Les orphelins du Billet vert
par Nathalie Zajde, maître de conférences en psychologie à l’Université de Paris VIII Saint-Denis. Chercheuse et clinicienne au Centre Georges- Devereux, auteure de Guérir de la Shoah, 2005 et Les enfants cachés en France, 2012, parus aux Éditions Odile Jacob

« Simon s’en souviendra jusqu’à la fin de ses jours : le 14 mai 1941 comme d’habitude, avec son copain Henri, ils prennent la rue des Minimes (Paris 3e) pour rentrer de l’école. Les deux amis dépassent des autocars sta­tionnés devant la caserne. Des hommes sont assis à l’intérieur. Simon n’y fait pas trop attention. C’est Henri, le plus curieux qui observe toujours tout, qui lui dit :
- Tiens ! J’ai vu ton père assis dans le bus !
- Ça m’étonnerait ! Mon père, y sort jamais de son atelier.
Simon ne ment pas. Son père passe ses journées devant sa machine à coudre. Il ne lui est arrivé de quitter l’atelier qu’une fois en pleine journée. C’était lorsque Simon a reçu le prix d’excellence, l’an passé. Ce jour-là, il était drôlement fier le papa de Simon ! Lui qui était arrivé de Pologne en 1928, qui parlait mal le français avec un accent yiddish à couper au couteau.
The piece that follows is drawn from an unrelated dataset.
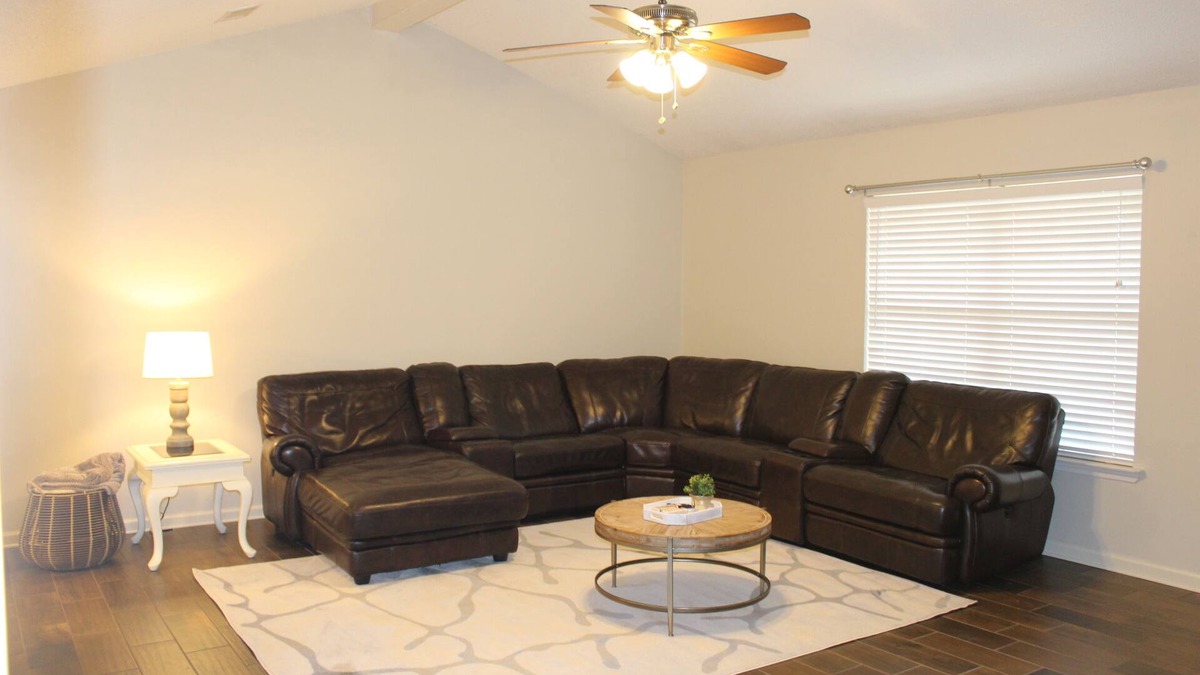 Cabot House | 20 minutes to LRAFB. Spacious home close to shopping & eating. .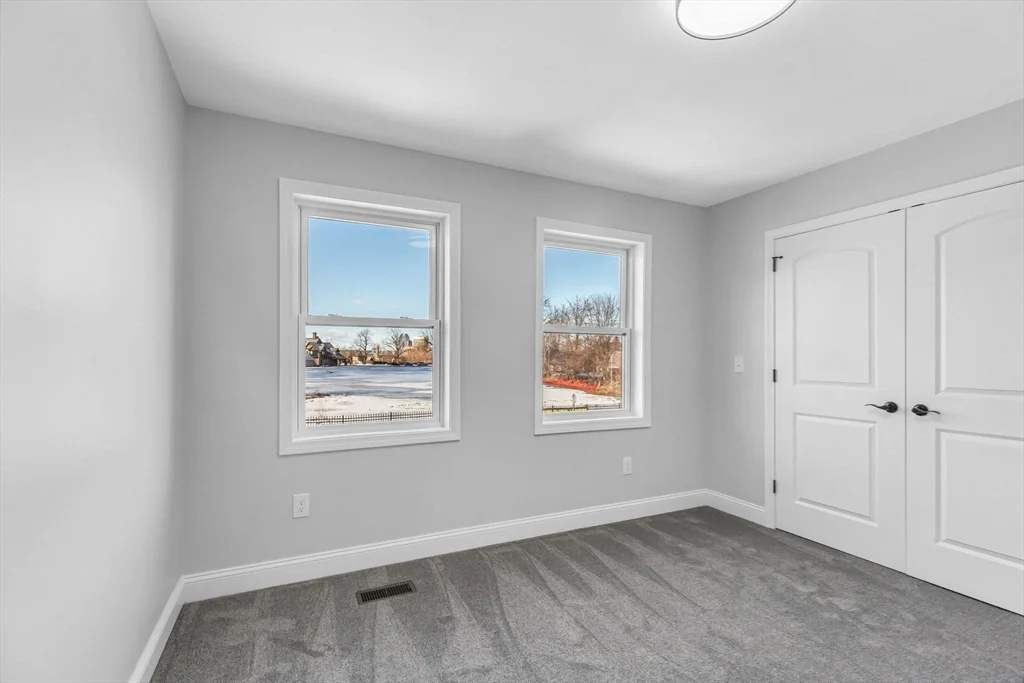 3 bed, 1 bath apartment for rent at 213 Pine St Unit 213, Springfield — photo 16 of 25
Lui qui travaillait sans relâche et rêvait que ses trois enfants, tous nés à Paris, réussissent de brillantes études supérieures. Mais Henri insiste.
- J’te jure, c’est ton père que j’ai vu !
Alors Simon, incrédule, fait tout de même demi-tour et effectivement, il aperçoit son père, la tête penchée, l’air soucieux, le front contre la vitre. Qu’est-ce qu’il fait là ? En plein jour ? Dans un autocar ? Soudain, il lève les yeux et aperçoit son fils qui le regarde. D’un air énervé, il lui fait signe de rentrer vite à la maison. Simon s’exécute. Sans doute a-t-il eu peur que l’enfant ne soit arrêté à son tour. Il voulait peut-être aussi que Simon prévienne sa mère, afin qu’elle prenne ses dispositions. Simon n’a plus jamais revu son père. Ce jour du billet vert, c’est le jour où tout bascule dans la vie de cet enfant de 9 ans, dont les deux parents juifs polonais émigrés ne reviendront pas de déportation. Le 14 mai 1941, Simon, comme des milliers d’enfants juifs parisiens vit, dans sa chair, le com­mencement de la Shoah en France » . Nathalie Zadje
Organisée dans le cadre de l’exposition Héritiers

Suivie d’une projection

Les enfants de la Nuit
Film de Frank Eskenazi et François Lévy-Kuentz, 50 min, The Factory Productions, 2014

La « deuxième génération », ces enfants élevés par des parents revenus des camps, n’a jamais pris la parole pour elle-même. Elle fut pourtant la génération de tous les cris, des cauchemars, témoin d’une volonté avide de vivre et de malheurs impossibles à partager. Elle est la génération témoin entre les déportés et nous. Pour la première fois, un film lui est consacré.